The one nursery item in this picture is the rug (the Sima Abalone from Ruggable in 8x10’ with the cushioned pad), which Chase bought for me for Valentine’s Day. We laid it out for a little over a day before rolling it back up for painting!

I think one thing that’s apparent in this picture, however, is how much natural light this room gets. It’s truly beautiful, especially in the afternoon when golden light dances through the trees outside the windows.

The Walls

One thing I knew I wanted in this room was a wall design—whether it be wallpaper or a mural or a stencil. I keep talking about it, but I really wanted this room to feel like a place for a child to let their imagination run wild. Here are some of the walls that really inspired me:

In the end, I decided to apply a wallpaper-look stencil to the walls. Stamping or stenciling a wall is something I’ve been wanting to try for a few years, and I thought it would probably be more durable, easier to fix, and cheaper than wallpaper, and easier to execute than a mural. I noticed a lot of the wallpapers I was drawn to had both animals and florals, so I tried finding stencils that included those features.

These were the finalists:


In the end, I decided the last stencil “Forest Pattern” by StencilRevolution was the one that best fit the vibe I was going for. I loved the animals featured and the flowers. If I had a ton of time and energy, or if I was only stenciling a small area, I might have stenciled the elements in different colors, to give it a more intricate look, but I decided that with such a big room and a baby on the way, creating the “perfect” faux wallpaper wasn’t going to be a great use of my time, so I decided to paint the stencil itself white and focus on a search for a good background color.

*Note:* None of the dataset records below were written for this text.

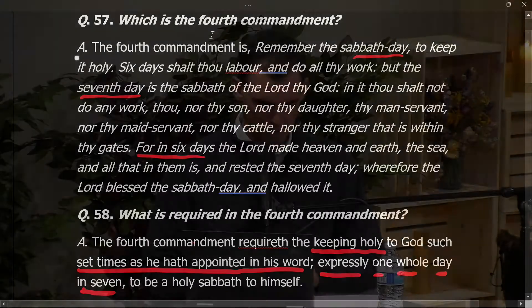Now, today I want to do this a little bit differently. I want to give a little introduction to the fourth commandment. One of the things you see here in question 57 is that there are a lot of words devoted to the fourth commandment in the Bible. In fact, there are more words devoted to the fourth commandment than to any other of the ten commandments.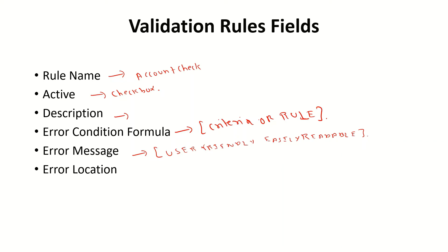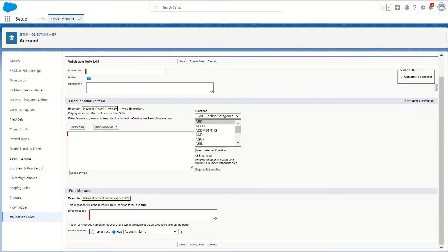The user can easily make changes to the particular field and save the record in the database. For Error Location, there are two options: at the top of the page, or below a particular field. If you select a field, the error message will appear below that field. In the UI, you can see the rule name, the active/inactive checkbox, a description area, and an Insert Field button to add the fields you want, plus operators like equal to, plus, less than, and greater than.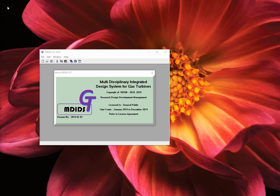Welcome to MDizGT, the multidisciplinary integrated design system for gas turbines. In this instructional video we will review the details of step 1 of the design tab, called preliminary design.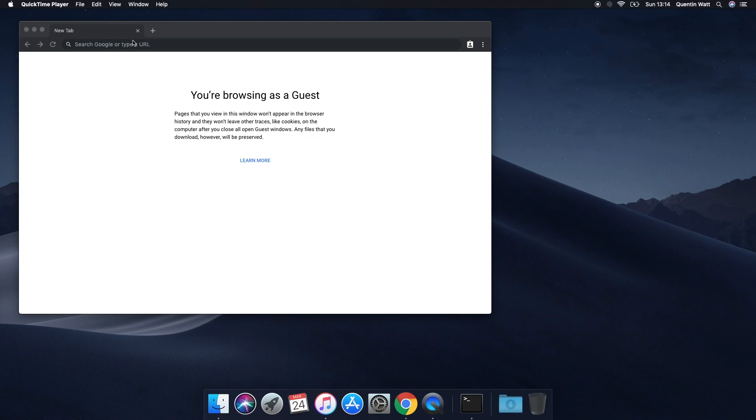Hello everyone, how's it going? It's Quinton here and welcome to this tutorial series on setting up your Mac.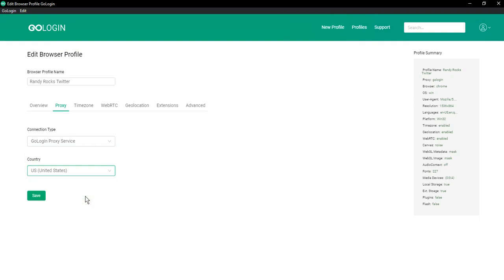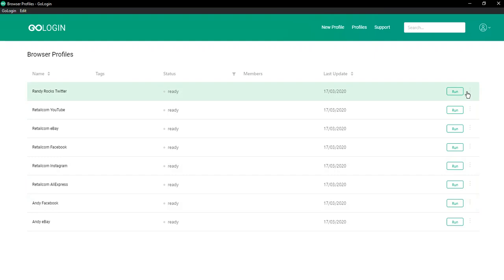Later, there will be more countries to choose. Don't forget to save your profile settings. Next, you should start the profile by clicking Run.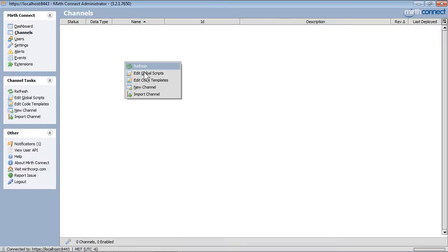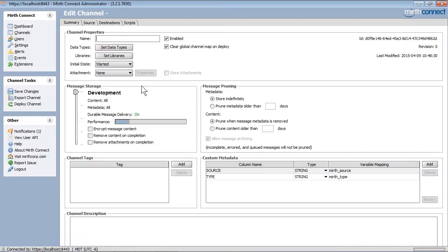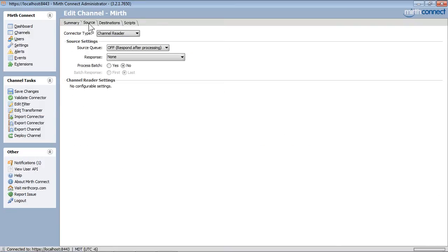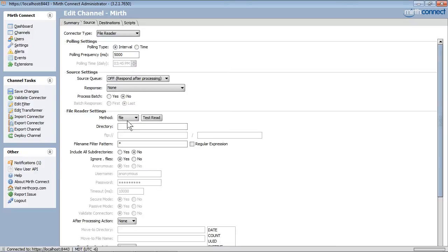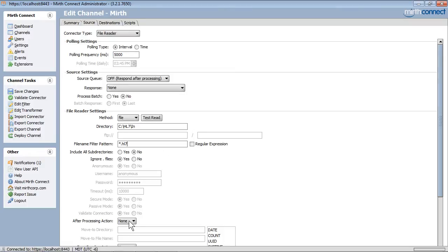In Mirth, we will create a new channel and give it a name. Then we will specify the inbound directory and a filename and extension. We will also configure it to delete the message after it picks it up.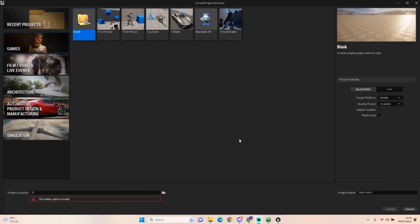Hello everyone and welcome back to UE5 PPGuru. Today we're going to be looking at creating something a little bit simple but a little bit different for our channel - we're going to be making a cookie clicker-style game. I'm going to keep it Ringmon themed just for a bit of fun, so let's crack on.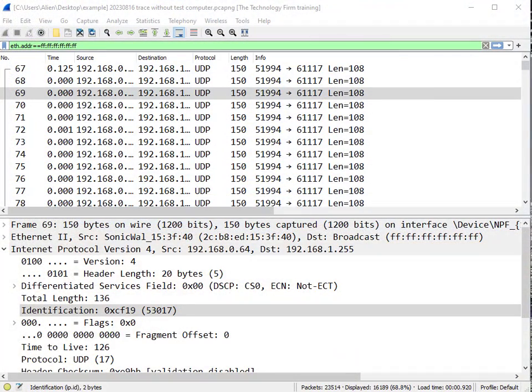Alright folks, it's Tony Fortunato from The Technology Firm. I'm going to go through a trace file that a client sent me. Their problems are that the network runs slow once in a while, wireless stuff drops off, and we don't know what to do.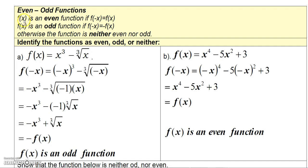A function f(x) is said to be an even function if when you replace x with negative x it doesn't change the function — in other words, you get what you started with, f(x). But f(x) is an odd function if when you replace x with negative x you actually get the opposite of what you started with. A function can also be neither even nor odd.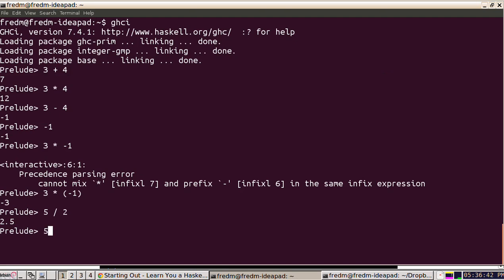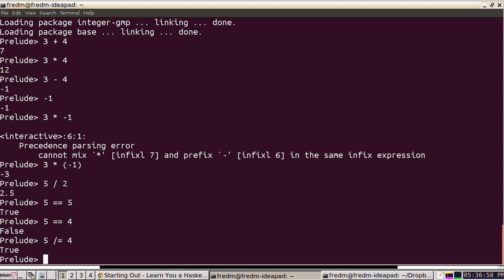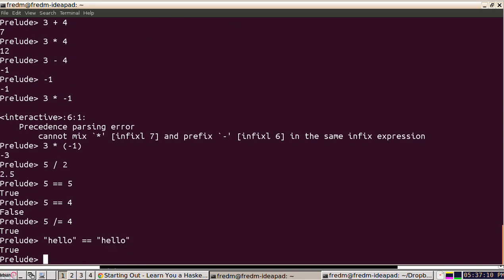Haskell also has boolean types. So I can say is 5 equal to 5, and it is. Is 5 equal to 4? And it's not. There's also a not-equals, so in Haskell it's slash-equals. Is 5 not equal to 4? No, it isn't. And we have strings, so I can say is the string 'hello' equal to another string 'hello', and it is.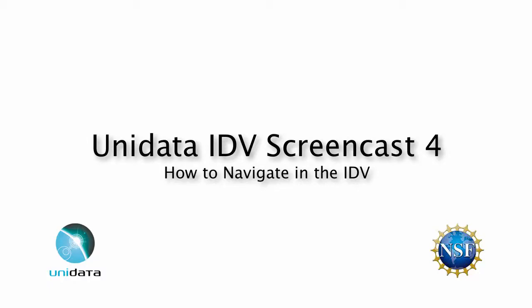Hello and welcome to the fourth screencast about the Unidata Integrated Data Viewer. The IDV team will guide you through this instructional video to assist you in better understanding the IDV. This will be a short screencast on how to navigate in the IDV display.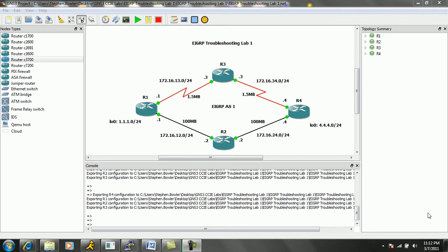Hello, my name is Steve Boller and in this video we're going to be taking a look at Enhanced Interior Gateway Routing Protocol, otherwise known as EIGRP. Specifically within EIGRP, we are going to be taking a look at Troubleshooting EIGRP, and this is EIGRP Troubleshooting Lab 1.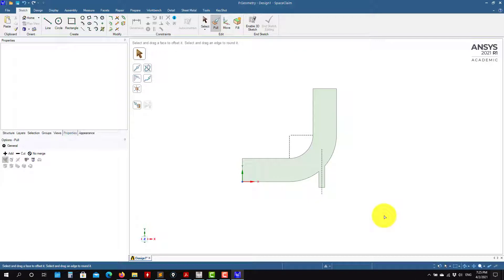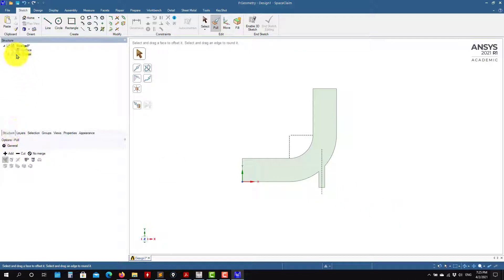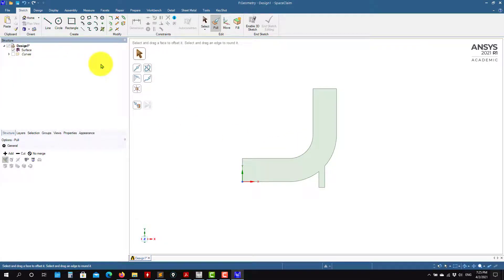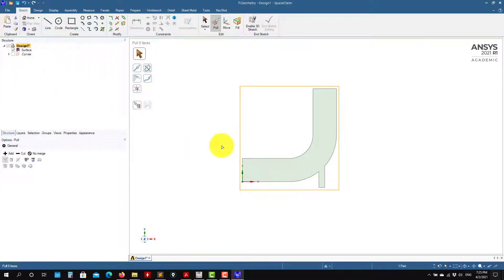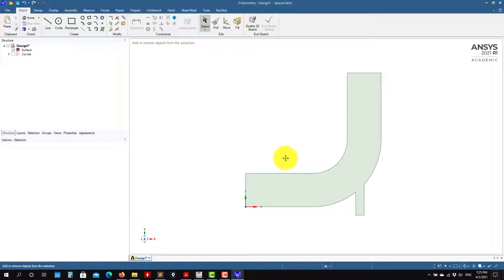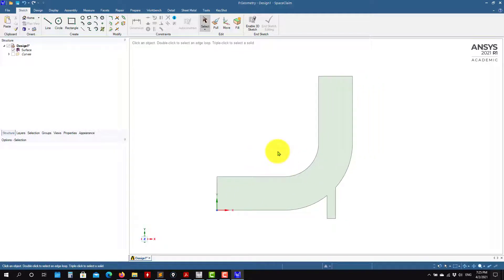Let me go to structure. See here — you don't want to see the curves, just hide that one. There's no problem; this is not imported into meshing. Press Escape to get out of the tool option. So you have the geometry, and this is the geometry that we're going to import into the meshing tool.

I used Pixlr and some rudimentary photo editing skills to erase the walls, add the wall stencil I had picked out, and try out a few different wall colors. After asking my husband for his opinion, we settled on a sagey color I pulled from the rug.

The Decor

After creating all of those themed nurseries, I realized I was loving the vibe of the whimsical nursery the most—a room with an English country home vibe, with a vintage feel and woodland creatures. I wanted to bring my adventures in England into my home and into my child’s life. I picked out my favorite furniture and decor items that fit that description—as well as incorporating some pieces I already owned, like the chair and the bookcase my dad made me—and used Canva to create a little collage of what the nursery might look like (uploading images of all of the products, removing their backgrounds, and “placing” them together in the room) .

I loved it all. The room felt absolutely perfect. I showed it to Chase, who approved the design, and went out in search of paint that evening, ready to start turning the design into reality!

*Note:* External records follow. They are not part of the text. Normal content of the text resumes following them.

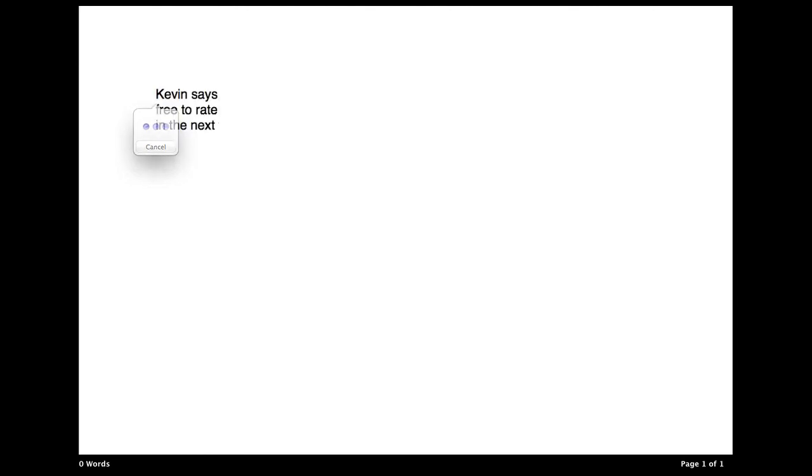Kevin says, comma, quote, this has been my video about dictation on OS X Mountain Lion, period. Please feel free to rate, comment, and subscribe for more content in the future, and I'll see you guys in the next video, period, end quote.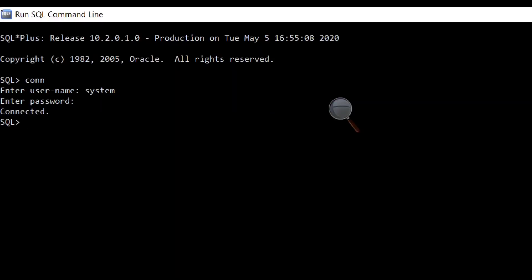Now, let's look into an example program where we will print multiples of 5 up to 30.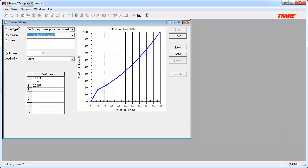Here is the curves library. Note that there are multiple different curve types that can be created here, and if you access the curves library using the icon in the toolbar, the list will be more expansive. It is reduced for us here because we accessed this library from the cooling equipment library, and these are the only curves that can be associated with the cooling equipment.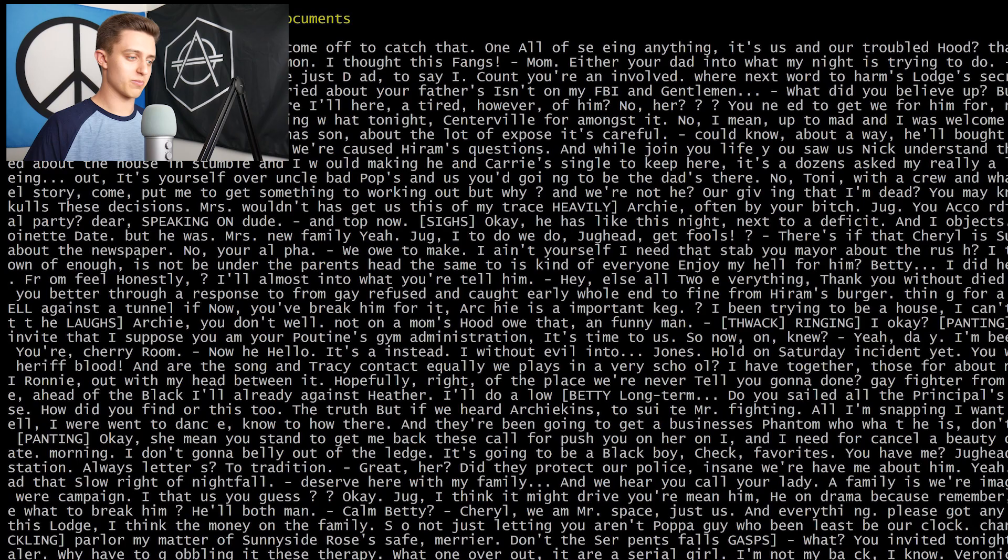So thankfully it looks like what the Medium article told us to do actually worked — kind of. The first sentence that our algorithm has printed out is: 'Nothing's age and us your dad is come off to catch that.' That doesn't sound a lot like English to me. My theory is that we just didn't train our model on enough data. So what I'm going to do is put even more Riverdale episode transcripts into our input text file, retrain the model with about double the number of words, and see if we can get some better performance.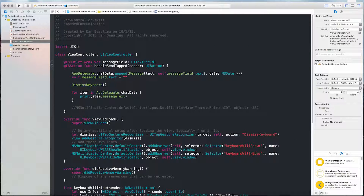In our view controller, we've added some simple logic inside handleSendTapped, where we append whatever message we entered into our chat bar to the chatData static variable. We then clear the message field, dismiss the keyboard, and print whatever messages are saved to chatData to the console.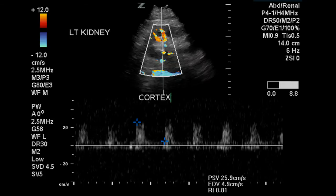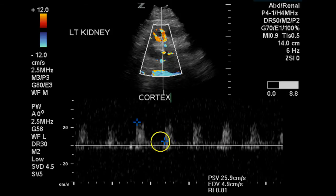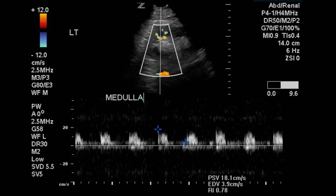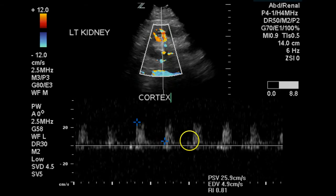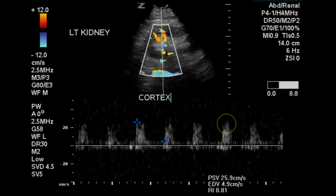This is a Doppler waveform from the cortex of the left kidney, likely an arcuate artery. We have a resistance that is greater than 0.8 — it is 0.81 — and a very low diastolic flow. In the central portion of the kidney, we have another resistive index that is close to 0.8 with low diastolic flow. Both this waveform and the previous waveform have a nice straight upstroke. High resistive indices are not a sign of renal artery stenosis; they are a sign of renal disease.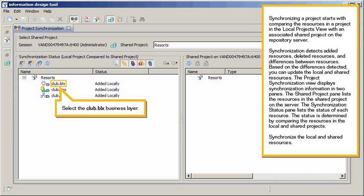Based on the differences detected, you can update the local and shared resources. The Project Synchronization View displays synchronization information in two panes. The Shared Project Pane lists the resources in the shared project on the server.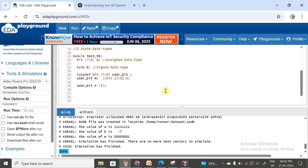So in this video we have discussed the introduction of the logic data type, two-state data types like bit, byte, short int, int, and long int, and the typedef keyword. In upcoming sessions we are going to discuss structure data types, type conversions, enumerated data types, and more. If you liked this video, please like, share, and subscribe to the channel. Thank you.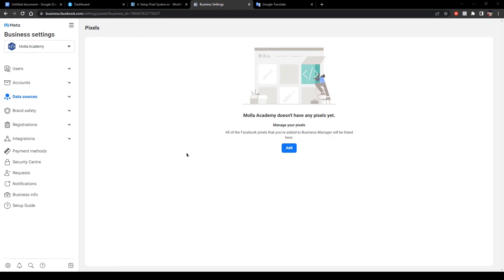Hello everyone, welcome to Moorla Academy. I am Abhi. Today in this video I am going to show you how to set up Facebook Pixel on Systeme.io. Facebook Pixel is very important for tracking our website activities, and we can track our customers' journey and generate more sales by using Facebook Pixel. So without further delay, let's get started.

That process ended up taking over two months, with a lot of twist and turns along the way! So, I’ll save that story for my next post.

Best,

Julia

Prior to the Blank Slate….

Just to embarrass myself, I’ll show you what we actually started with when we “started work” on the nursery back in January! We had some damage to our house from Hurricane Ida in August and had to empty out some rooms to get it fixed last fall. As a result, entire closets were piled into our guest room.

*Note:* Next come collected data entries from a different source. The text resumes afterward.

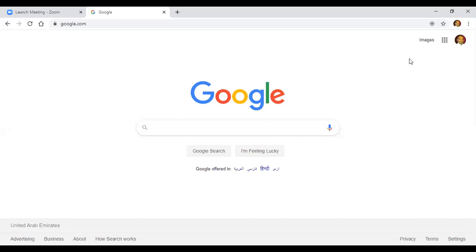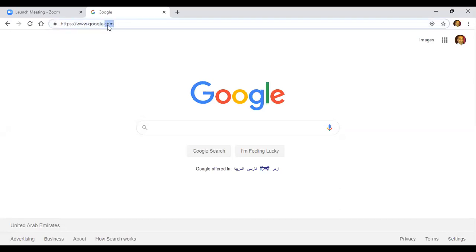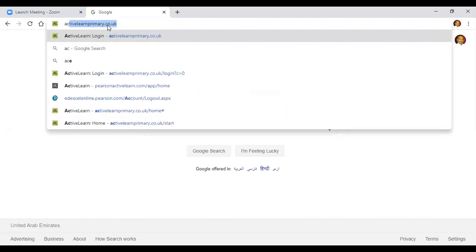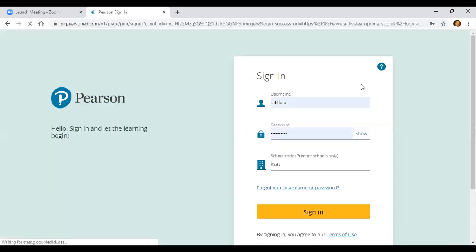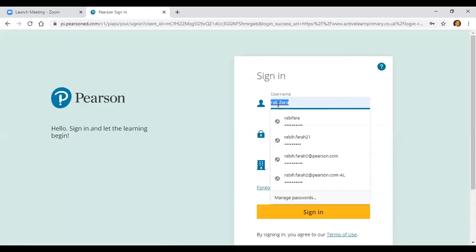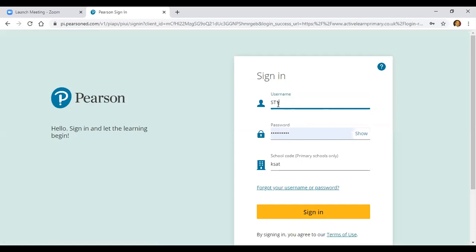To log in to Abacus, use Google Chrome browser. Type in activelearnprimary.co.uk. Click login. Add the username, password, and school code, then click sign in.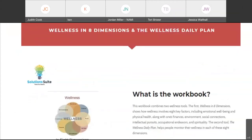One focus of the suite is on addressing the different areas of people's lives that are important to recovery from a mental health or substance use disorder. A very popular product in the suite that addresses this is a workbook called Wellness in Eight Dimensions. It introduces people to the idea that wellness is much broader than just mental health and includes seven other dimensions that make up the eight dimensions of wellness.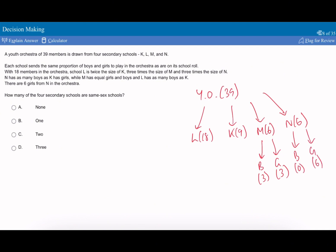And it says N has as many boys as K has girls, so that means K must have 0 girls and has all boys. It says L has as many boys as K, so K has 9 boys. So L is going to be equally split.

This first picture—where you can see the floor—isn’t even half as bad as it was back in December when we were getting the work done. With the little energy I had in my first trimester, I went through 50% of our possessions, filled bags with donation items and others with trash, and reorganized the rest as I put everything back where it belonged.

In late January, I finally finished getting the room back in order and by February 1st, it was in the “blank slate” state from the start of the blog.

Just looking at pictures of the state it was in stresses me out! It’s completely unrecognizable as the same room now.